Brief =>
Please begin with the line containing "Vakman bij professionele rioolontstopping" and reproduce each line exactly until the records below end, without any pictures.

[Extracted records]
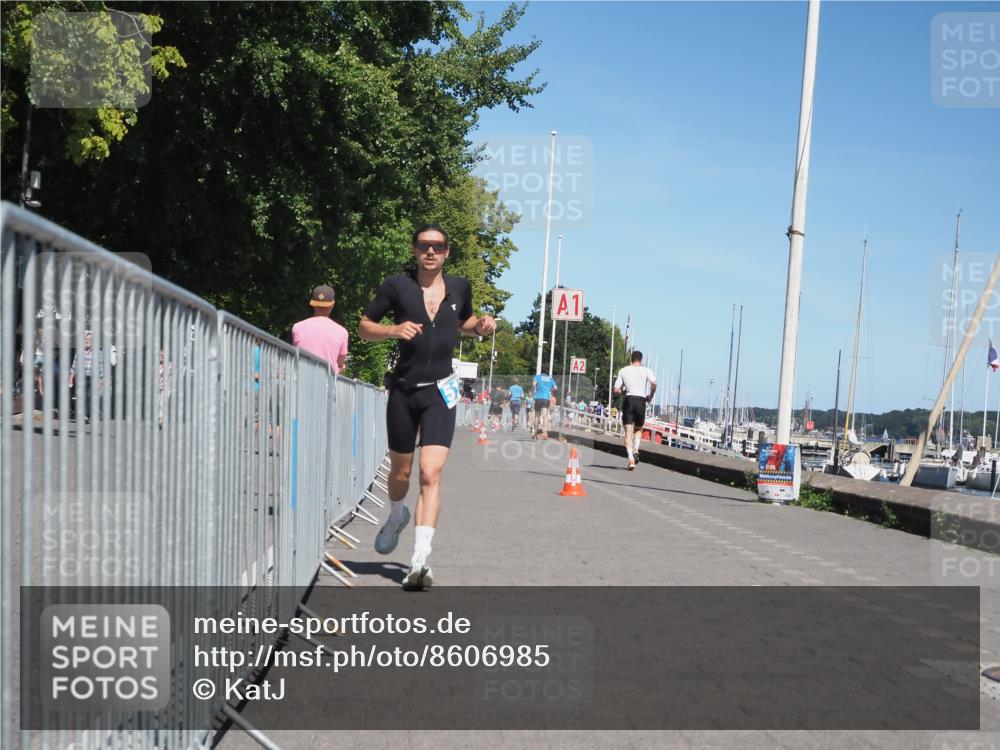 17.08.2025 - KN Förde Triathlon 2025 KatJ http://msf.ph/oto/8606985 17.08.2025 13:51:12 Laufen 395, 517 meine-sportfotos.de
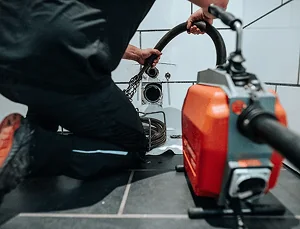 Vakman bij professionele rioolontstopping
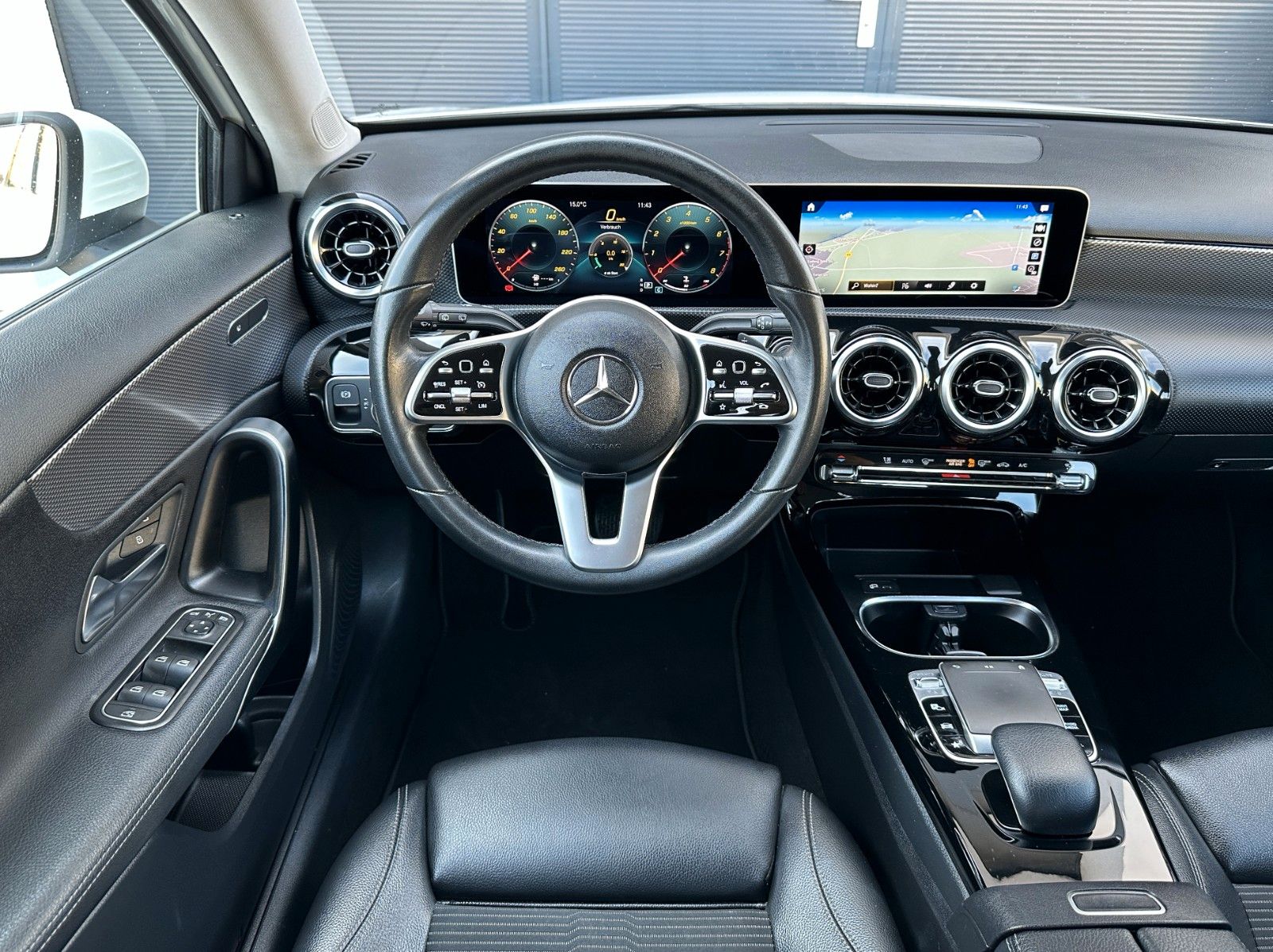 Mercedes-Benz A 250 7G*PROGRESSIVE*CARBON*SHZ*DIG-TACHO*PDC* foto 10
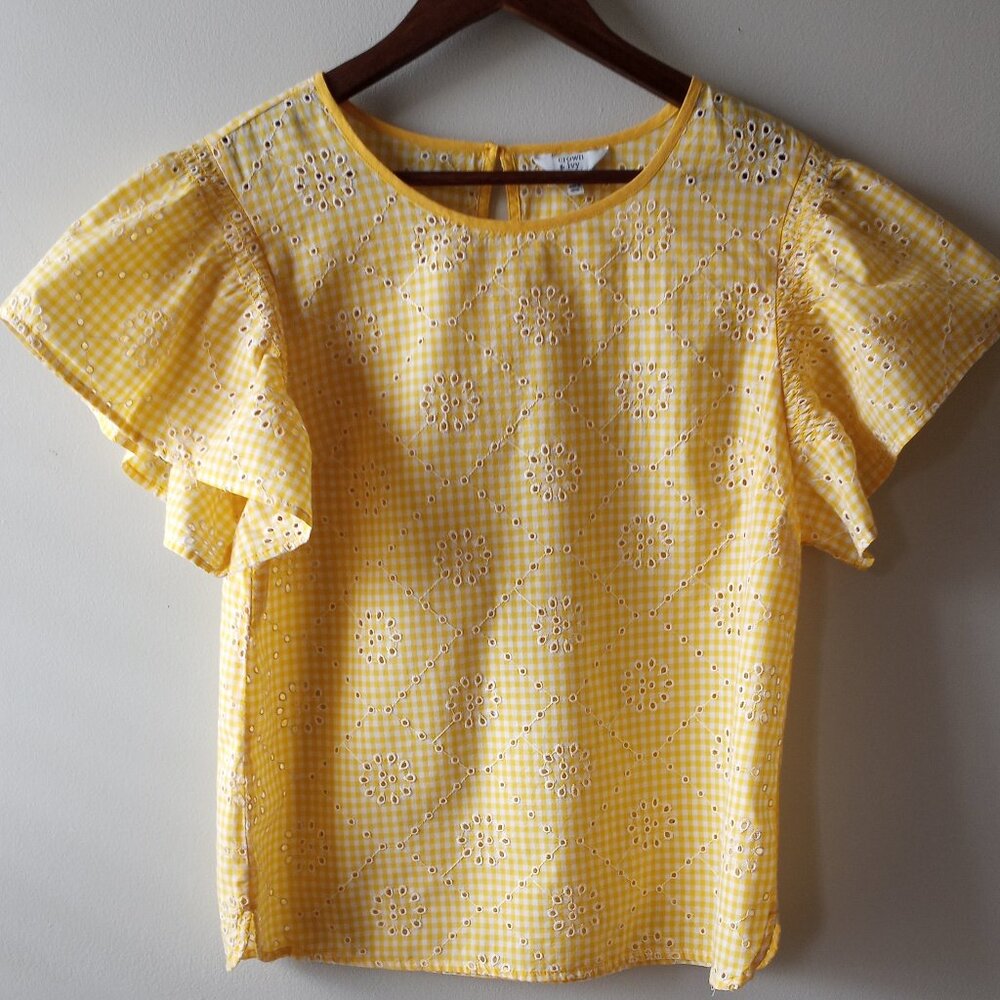 'Crown & Ivy' Gingham eyelet Flutter Sleeve Gingham Size S EUC FINAL DAY 6/28/26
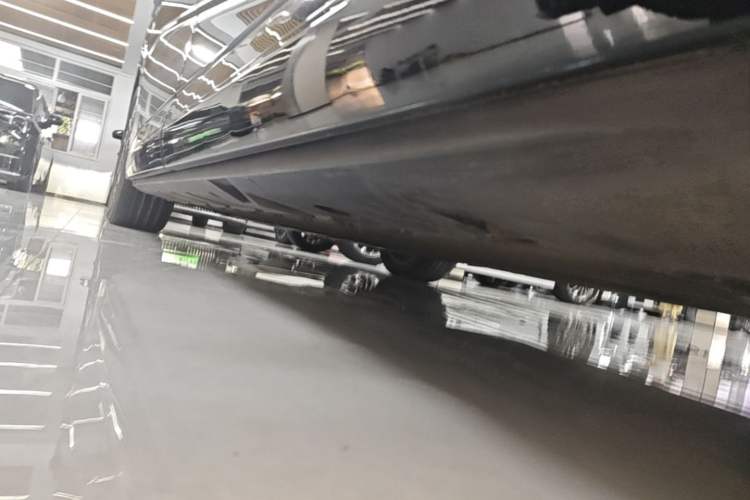 Used XPeng X9 2024 610 Long-Range Pro Left Side Sill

Problem solution =>
 Vakman bij professionele rioolontstopping
 Mercedes-Benz A 250 7G*PROGRESSIVE*CARBON*SHZ*DIG-TACHO*PDC* foto 10
 'Crown & Ivy' Gingham eyelet Flutter Sleeve Gingham Size S EUC FINAL DAY 6/28/26
 Used XPeng X9 2024 610 Long-Range Pro Left Side Sill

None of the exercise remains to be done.